La semaine ciné de Julien: entre nostalgie, monstre XXL, fantômes et femmes fortes !

Chers cinéphiles, bonjour ! Cette semaine encore, j’ai vu pour vous les sorties ciné de la semaine, avec au programme le retour du roi Kong dans « Kong: Skull Island » (de Jordan Vogt-Roberts) mais aussi celui de Spud, Renton, Degbie et Sick Boy dans « T2: Trainspotting » (de Danny Boyle). Et ce n’est pas tout, puisque je vous ferai aussi visiter une demeure bien glauque dans « Le Secret de la Chambre Noire » (de Kiyoshi Kurosawa), sans oublier la troisième réalisation de notre compatriote Stephan Streker « Noces », tandis que Jessica Chastain prouve dans « Miss Sloane » (de John Madden) qu’elle est décidément la rousse la plus talentueuse d’Hollywood.

Que faut donc retenir de ces sorties ciné ? Let’s go pour une nouvelle semaine ciné de Julien ! 

SEMAINE 10 (08/03 au 14/03): 5 films vus

Le retour du Roi Kong

KONG: SKULL ISLAND

Vu au cinéma KINEPOLIS à Bruxelles (IMAX- 3D)

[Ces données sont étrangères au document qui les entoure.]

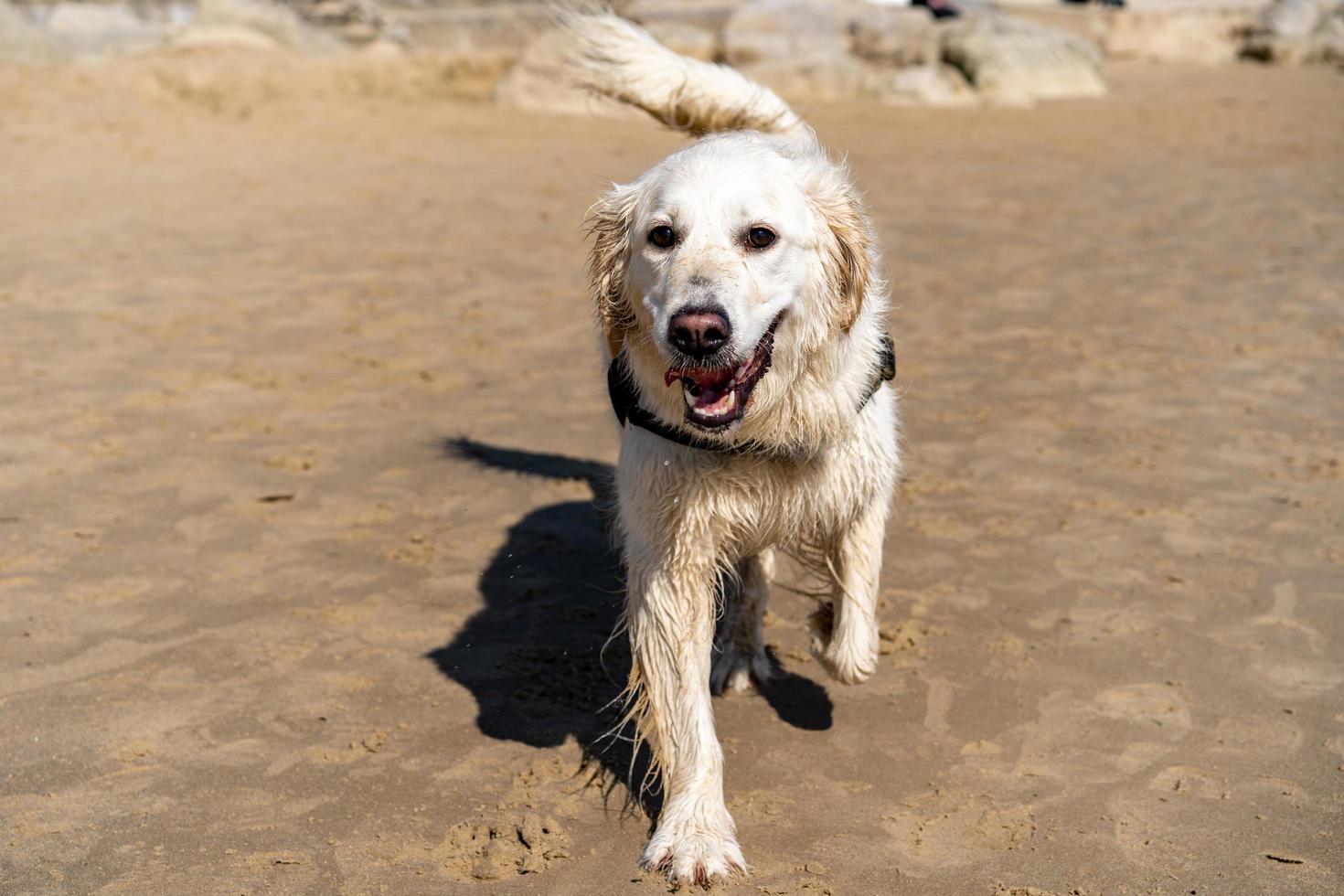 golden retriever caminhando na praia foto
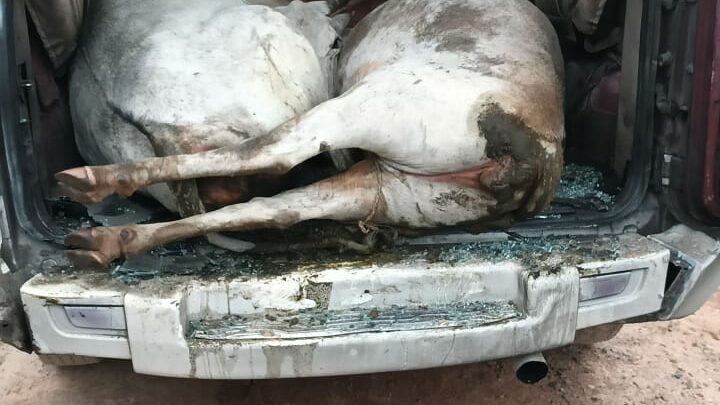 जशपुर पुलिस का ऑपरेशन शंखनाद जारी : फिर बचाया 05 नग गौ वंशों को तस्करों के चंगुल से,पुलिस को देख तस्कर रात्रि का फायदा उठा, गाड़ी छोड़ हो गए फरार, पुलिस कर रही है तलाश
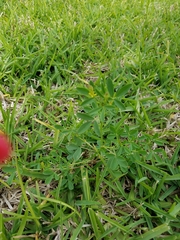 Melilotus officinalis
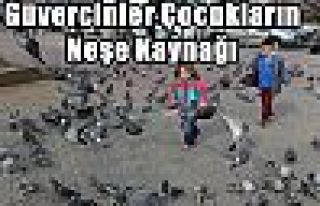 Güvercinler Çocukların Neşe Kaynağı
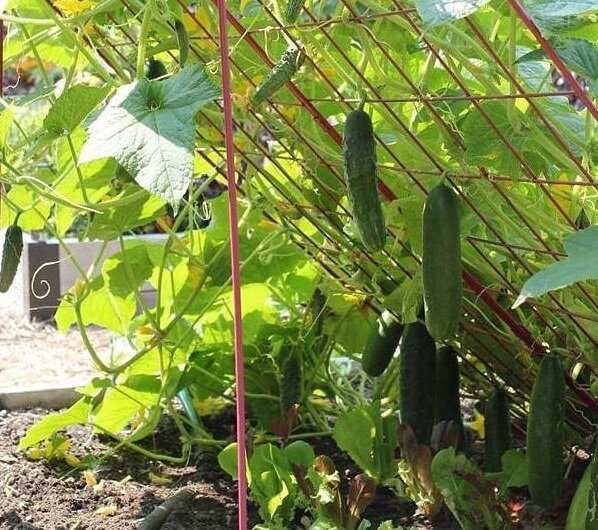 Огурцы на шпалере. Фото из Интернета.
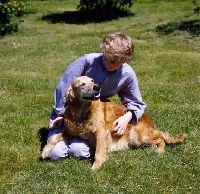 Picture of old golden retriever being stroked by a woman
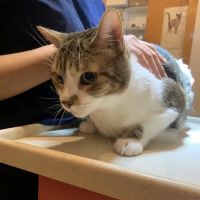 Animal Clinic of Queens ico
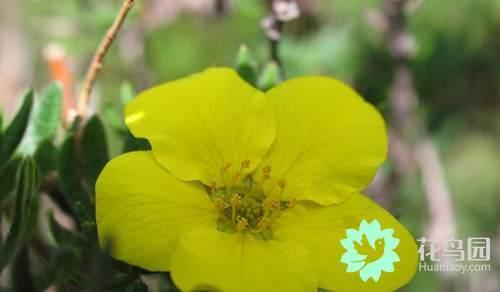 I'll take you to know the flowers on the Qinghai-Tibet Plateau.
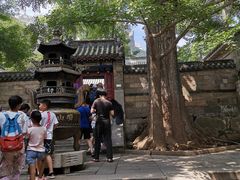 -青岛崂山太清宫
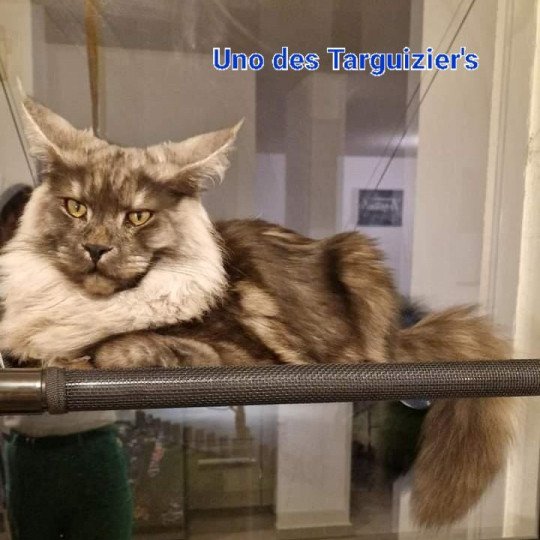 chaton Maine coon black smoke Uno des targuizier's La Chatterie des targuizier's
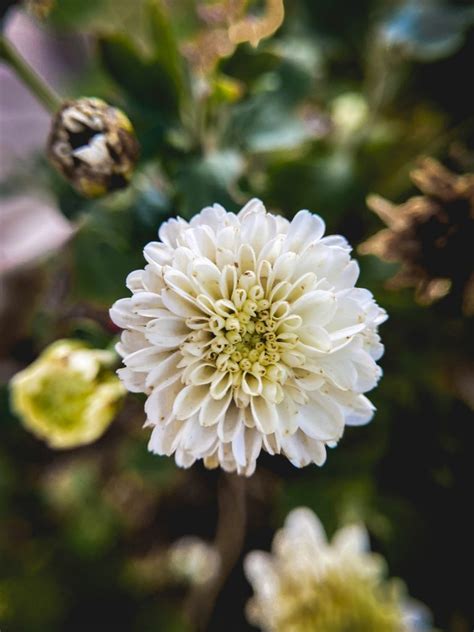 Beautiful White Flower Pixahive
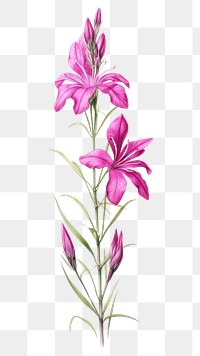 PNG Illustration botanical drawing flower.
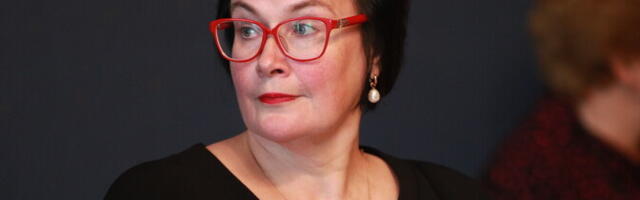 Планируется, что мэром Нарвы останется Райк, а Стальнухин будет председателем горсобрания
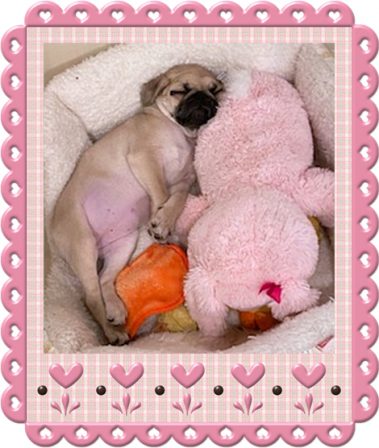 Lucy's Melania/Sunflower snoozing with her bunny - Fawn Pug Puppies | No Matter how little money and how few possessions you own, having a dog makes you rich.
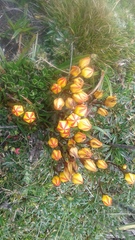 Gentianella hirculus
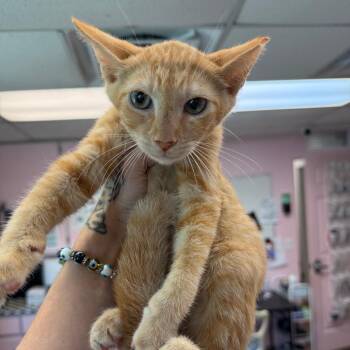 Bruce -  Domestic Short Hair Cat for Adoption in Port Richey, Florida - Bruce | PetCurious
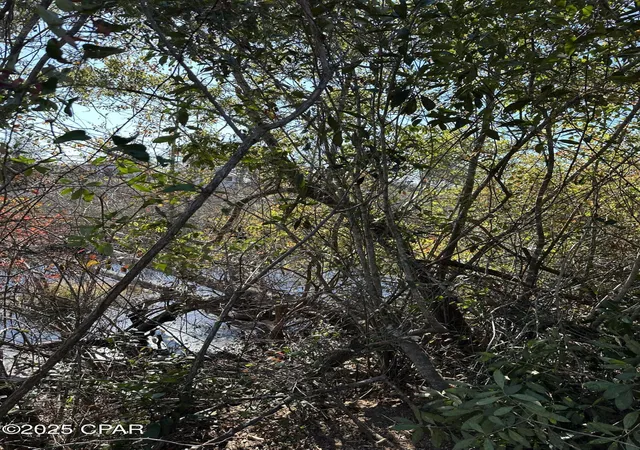 5th image of 31 Indian Bluff Dr, Youngstown, FL 32466 | MLS# 766885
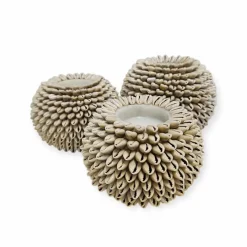 Schelpen waxinelichthouder kauri beige – 3 afmetingen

Sortie du film: le 08 mars 2017

Réalisateur(s): Jordan Vogt-Roberts

Acteur(s): Tom Hiddleston, Samuel L. Jackson, Brie Larson, John Goodman, John C. Reilly

Genre(s): Aventure, fantastique, action
Durée: 1h59

Résumé: Un groupe d’explorateurs plus différents les uns que les autres s’aventurent au cœur d’une île inconnue du Pacifique, aussi belle que dangereuse. Ils ne savent pas encore qu’ils viennent de pénétrer sur le territoire de Kong…

Signe(s) particulier(s): 

– second épisode de la nouvelle franchise de Legendary Pictures dédiée aux monstres sacrés du cinéma, après le « Godzilla » de Gareth Edwards en 2014, et avant « Godzilla: King of Monsters » (2019) et « Godzilla vs Kong » (2020);

– la dernière fois que le roi des singes apparaissait dans un film, c’était en 2005 dans la version de Peter Jackson, dans laquelle il mesurait 7 mètres, contre plus de 30 ici;

– au revoir l’Empire State Building, et bonjour à l’Île du Crâne: il s’agit ici d’un reboot des aventures du plus célèbre singe de l’histoire du cinéma.

Le(s) +

Jamais Kong n’est apparu aussi gargantuesque que dans cette énième relecture du mythe ! Taille démesurée, fureur envers celui qui osera s’attaquer à lui, Jordan Vogt-Roberts et son équipe n’ont pas fait les choses à moitié dans cette nouvelle version. Volontairement plus grand en vue d’un cross-over dans lequel on le verra s’affronter au plus célèbre des lézards du cinéma, le roi Kong impose sa loi sur une île peuplée de monstres géants en tous genre, qui verra bientôt une menace plus grande que ces derniers y débarquer: l’humain. La suite, on l’a connaît, bien que cette version appuie d’autant plus l’emprise de l’être humain sur la nature.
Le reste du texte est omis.